Creative Crossroad Residency
13 – 23 May 2025
The choreographer Maud Blandel will be the artist in residence during the 18th edition of the “Antistatic” festival. Her artistic research is being carried out within the framework of the “Creative Crossroads” program of the “Life Long Burning” (LLB 3) project.
Initially trained as a dancer, Maud Blandel is a choreographer living in Lausanne (Switzerland). She completed her training with a Master’s degree in Theatre Direction from La Manufacture (Lausanne), and continued her education with The Work.Master programme in performance at la HEAD in Geneva. In 2015, she founded the association I L K A and began her own projects. Her approach to dramaturgy, her taste for transformation and her concern for musicality lead her to create unusualand powerful choreographic objects.
Her creations include Touch down (2015), Lignes de conduite (2018), Diverti Menti (2020), Double Septet (2021) and L’œil nu (2023), awarded with the Swiss Award for choreographic production in 2023.
In her recent works, Maud is interested in exploring physicalities and states of presence resulting from a constant negotiation between principles dictated by/for the collective and individual expressivity. Recently involved in the sound creation of L’oeil nu, she now gives sound and music a decisive place as a genuine dramaturgical tool in her creations.
Alongside her work, Maud has collaborated with artists such as Cindy Van Acker, Heiner Goebbels and Romeo Castellucci, and is currently very active as a dramaturg with young performing artists.

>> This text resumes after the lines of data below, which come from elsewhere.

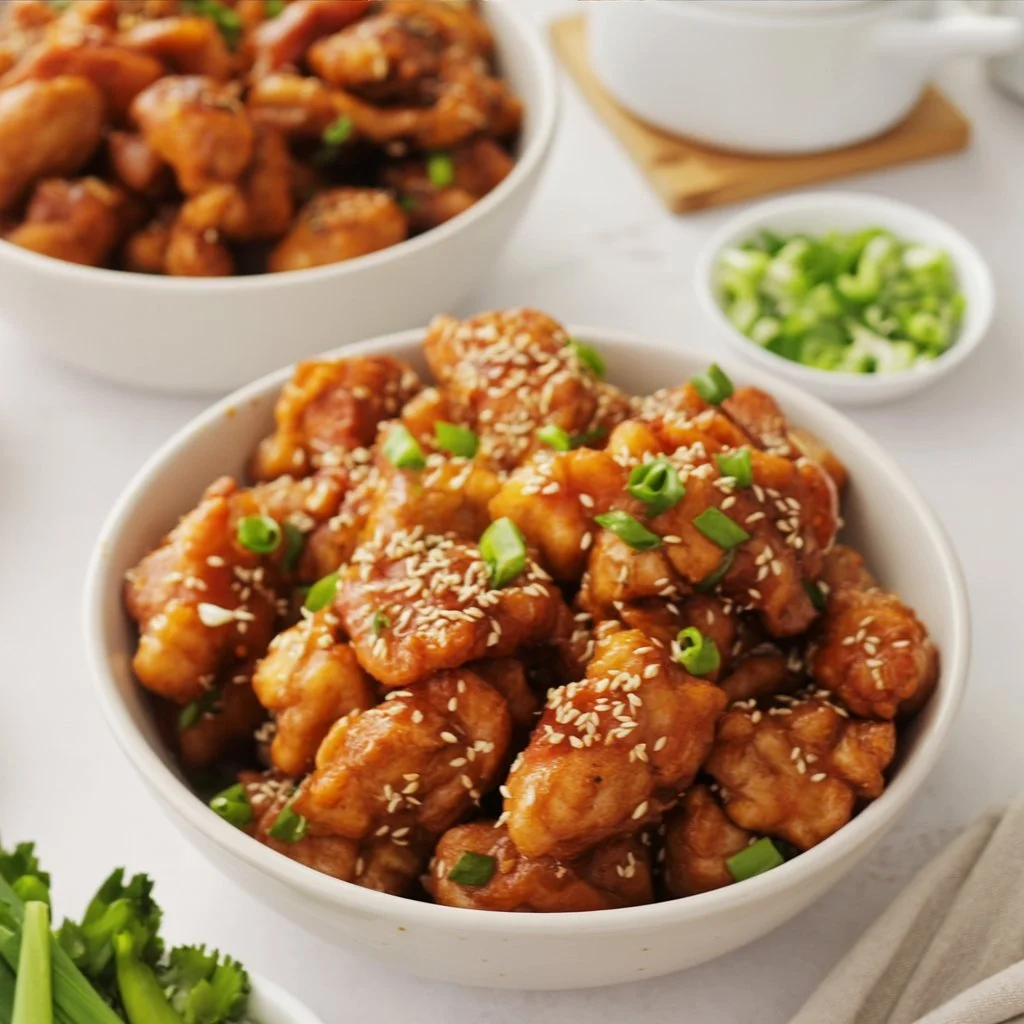 Delicious Honey Butter Fried Chicken served with a side of honey and dipping sauce.
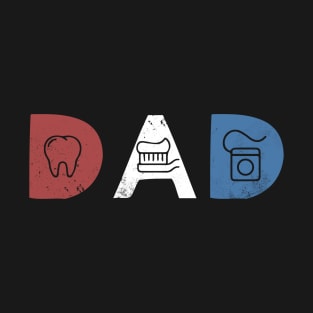 Dentist Dad Retro Father Perfect for Dads Vintage Dentistry T-Shirt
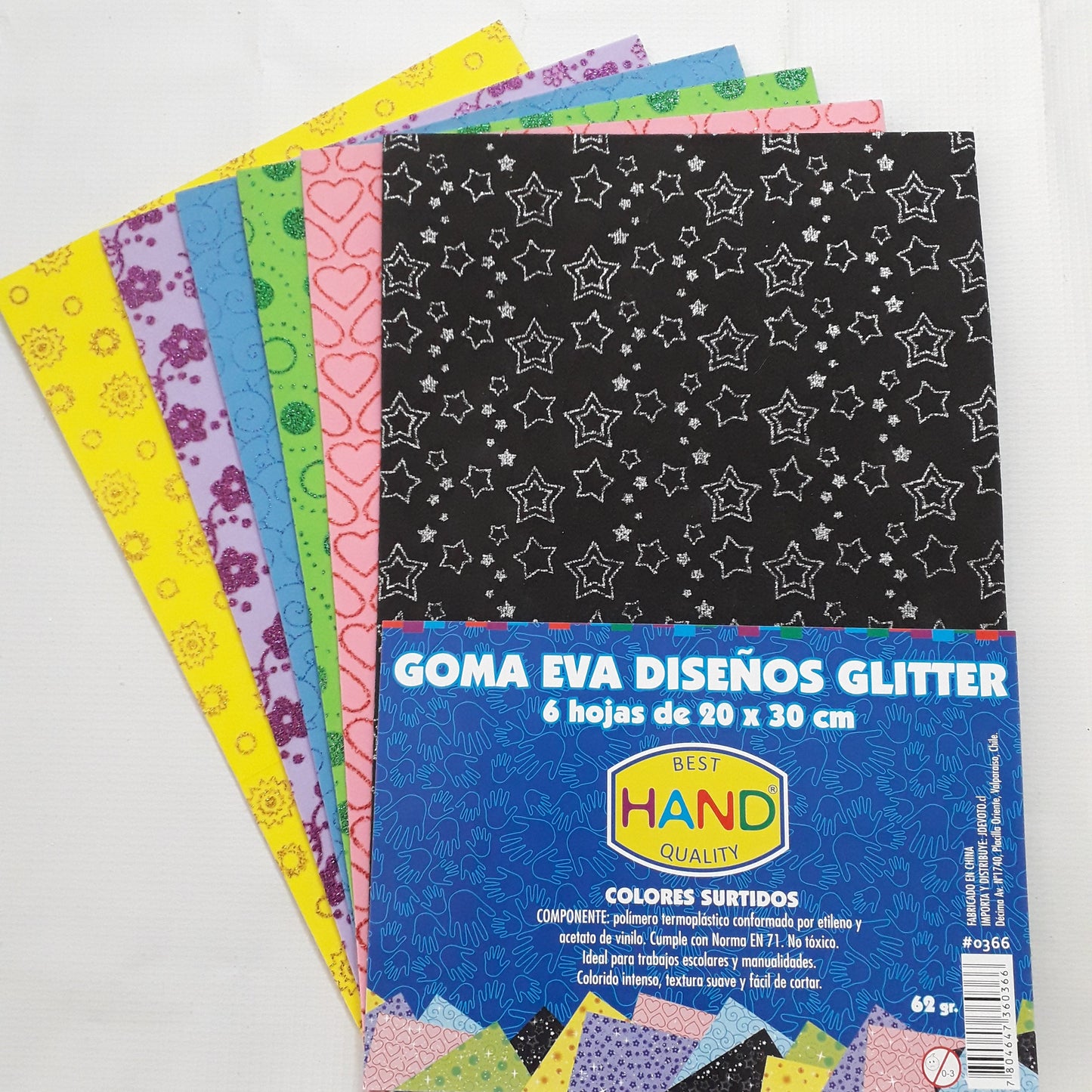 CONJUNTO DE GOMA EVA GLITTER 6 HOJAS TAMAÑO 20x30 CM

Maud has been artist-in-residence at the Arsenic (Lausanne) since 2018, and will be associate artist at the CNDC in Angers (2024 – 2026) and at Bonlieu scène nationale in Annecy (2024 – 2027). Since 2016, her work has been supported by Parallèle based in Marseille.
RESEARCH PRESENTATION
In her epistolary fiction, Three Guineas, published in 1938, Virginia Woolf gives form to the response of an ‘educated woman’ to the question her interlocutor, an ‘educated man’, addresses her: “According to you, what can be done to avoid war?”
Using this book as a starting point for an upcoming work, Maud Blandel opens a wide-ranging research aiming to transpose the links between war and patriarchy onto the stage in the form of a grotesque choreographic satire.
As part of the Creative Crossroads Programme of The Life Long Burning project, the residency at Brain Store Project during the Antistatic Festival in Sofia will be the very first step of the research process. It will focus mainly on the relationship between sound and movement, following the idea that “there is no such thing as military music, only military relationships to music”.
The performativity sought will be above all anarchic: any attempt to march in step or obey the beat will be deliberately sabotaged.
The artistic residency takes place within the framework of the Creative Crossroads program of the European project “Life Long Burning – Futures Lost and Found” (LLB3), co-funded by the Creative Europe programme of the European Union and the National Culture Fund, programme “Creative Europe”.